Excellent Judges are Not Appointed (24)
We are required to submit to the judges that God has established.The authorities that exist are established by God (Rom 13:1b).
If judges are appointed, then the person who has the power to appoint them has the power to distort justice. Judges are appointed by kings or politicians lose their independence, because those who appoint them can also remove them. The people lose their freedom, because they must take their cases to the judges who are appointed. They are not free to choose the best judges.
The Bible describes a better system. Judges emerge as people start taking cases to people who demonstrate wisdom. If a person gets a reputation for making wise decisions, more and more people will submit their cases to them.
Paul said that we should submit to excellent judges, because that is how excellent judges emerge. They are not appointed. Ordinary wise people become judges, as more and more people choose to submit to them.
A judge cannot impose their authority. Free people give authority to the best judges by submitting cases to them. Excellent judges emerge as people submit their cases to the better judges. Poorer judges will get less and less cases, as people hear about heir mistakes. When a judge goes sour, people will stop submitting to him altogether and take their cases to better judges. Paul is saying that the judges that have emerged in a free society are the ones that are established by God. By submitting to excellent judges we allow God to bring into being the judges that he has chose.
Moses, like many leaders, believed that he could do the job better job of judging than anyone else, but exhaustion proved him wrong.
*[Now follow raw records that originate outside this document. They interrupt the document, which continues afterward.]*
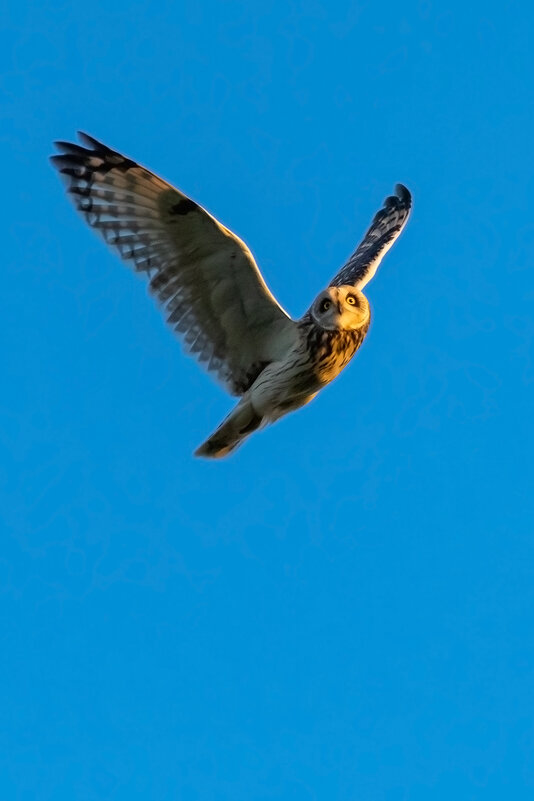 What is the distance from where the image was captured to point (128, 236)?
22.4ft

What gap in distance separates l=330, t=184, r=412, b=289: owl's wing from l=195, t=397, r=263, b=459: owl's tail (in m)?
0.89

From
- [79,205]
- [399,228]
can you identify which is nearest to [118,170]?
[79,205]

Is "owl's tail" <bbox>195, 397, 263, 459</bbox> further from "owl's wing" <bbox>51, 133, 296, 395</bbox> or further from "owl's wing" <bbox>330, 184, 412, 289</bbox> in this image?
"owl's wing" <bbox>330, 184, 412, 289</bbox>

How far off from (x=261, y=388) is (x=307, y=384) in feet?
0.87

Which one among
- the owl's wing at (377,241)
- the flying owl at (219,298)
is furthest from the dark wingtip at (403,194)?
the flying owl at (219,298)

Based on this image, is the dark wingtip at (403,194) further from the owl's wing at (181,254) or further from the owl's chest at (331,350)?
the owl's chest at (331,350)

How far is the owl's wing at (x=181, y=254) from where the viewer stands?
667cm

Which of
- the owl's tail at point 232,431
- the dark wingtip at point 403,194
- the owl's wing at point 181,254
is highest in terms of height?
the dark wingtip at point 403,194

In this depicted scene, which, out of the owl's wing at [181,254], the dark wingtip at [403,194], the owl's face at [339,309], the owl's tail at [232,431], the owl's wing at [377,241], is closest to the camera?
the owl's face at [339,309]

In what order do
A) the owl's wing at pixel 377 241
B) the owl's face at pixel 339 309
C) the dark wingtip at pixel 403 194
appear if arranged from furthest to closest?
the dark wingtip at pixel 403 194 < the owl's wing at pixel 377 241 < the owl's face at pixel 339 309

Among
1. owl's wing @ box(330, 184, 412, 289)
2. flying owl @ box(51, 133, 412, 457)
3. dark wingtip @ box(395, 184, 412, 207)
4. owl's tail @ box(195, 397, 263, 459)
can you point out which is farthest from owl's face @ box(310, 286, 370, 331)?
dark wingtip @ box(395, 184, 412, 207)

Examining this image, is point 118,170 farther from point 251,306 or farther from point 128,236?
point 251,306

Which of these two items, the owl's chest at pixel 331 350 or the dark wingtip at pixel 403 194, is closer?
the owl's chest at pixel 331 350

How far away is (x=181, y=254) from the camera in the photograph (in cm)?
679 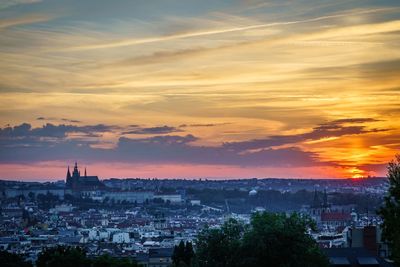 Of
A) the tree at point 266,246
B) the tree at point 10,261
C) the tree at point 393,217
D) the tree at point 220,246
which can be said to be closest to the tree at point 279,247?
the tree at point 266,246

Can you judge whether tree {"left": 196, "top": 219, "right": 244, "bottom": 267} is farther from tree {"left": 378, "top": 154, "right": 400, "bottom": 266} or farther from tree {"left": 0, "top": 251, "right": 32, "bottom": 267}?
tree {"left": 0, "top": 251, "right": 32, "bottom": 267}

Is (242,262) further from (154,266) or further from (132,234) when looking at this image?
(132,234)

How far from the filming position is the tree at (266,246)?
133 ft

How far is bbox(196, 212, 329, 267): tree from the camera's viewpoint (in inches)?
1591

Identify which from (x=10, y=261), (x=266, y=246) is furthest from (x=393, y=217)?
(x=10, y=261)

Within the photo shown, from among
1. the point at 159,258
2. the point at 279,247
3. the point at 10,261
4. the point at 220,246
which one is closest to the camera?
the point at 279,247

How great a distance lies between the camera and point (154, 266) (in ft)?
319

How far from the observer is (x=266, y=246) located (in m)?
40.8

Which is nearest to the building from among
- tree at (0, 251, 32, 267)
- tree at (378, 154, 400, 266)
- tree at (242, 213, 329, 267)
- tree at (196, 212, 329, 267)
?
tree at (0, 251, 32, 267)

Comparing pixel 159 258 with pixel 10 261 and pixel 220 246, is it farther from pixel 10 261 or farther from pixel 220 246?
pixel 220 246

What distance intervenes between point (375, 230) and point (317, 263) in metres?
8.65

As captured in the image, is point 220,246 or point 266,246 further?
point 220,246

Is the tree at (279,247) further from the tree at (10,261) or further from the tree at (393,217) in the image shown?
the tree at (10,261)

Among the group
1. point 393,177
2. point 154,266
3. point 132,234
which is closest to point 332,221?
point 132,234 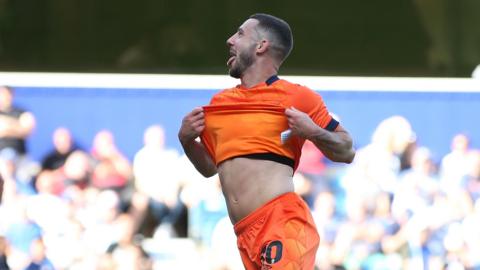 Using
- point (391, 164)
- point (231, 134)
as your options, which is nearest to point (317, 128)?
point (231, 134)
When he set up a system of judges, he thought he needed to appoint them, but he was acting on the advice of Jethro his father-in-law, and not on a word from God.
All Moses really had to do was tell the people to take their cases to the people in their tribes and communities that they already trusted (Exodus 18). He actually found that God already had judges in place. The people knew who they were, but Moses had not acknowledged them. The new system worked, because God has put the judges in place. The proved to be effective judges when they were allowed to do the task.
They served as judges for the people at all times. The difficult cases they brought to Moses, but the simple ones they decided themselves (Ex 18:26).
There is no legitimate judicial authority except from God, so the people that come to be “the judges that are” are God’s order for justice. The judges that exist, (because people trust them) are those placed (tassa) by God.
Only those judges that come in to existence through voluntary submission have a legitimate authority. Their task is to apply the law of God. All other political powers are usurpers of God’s authority.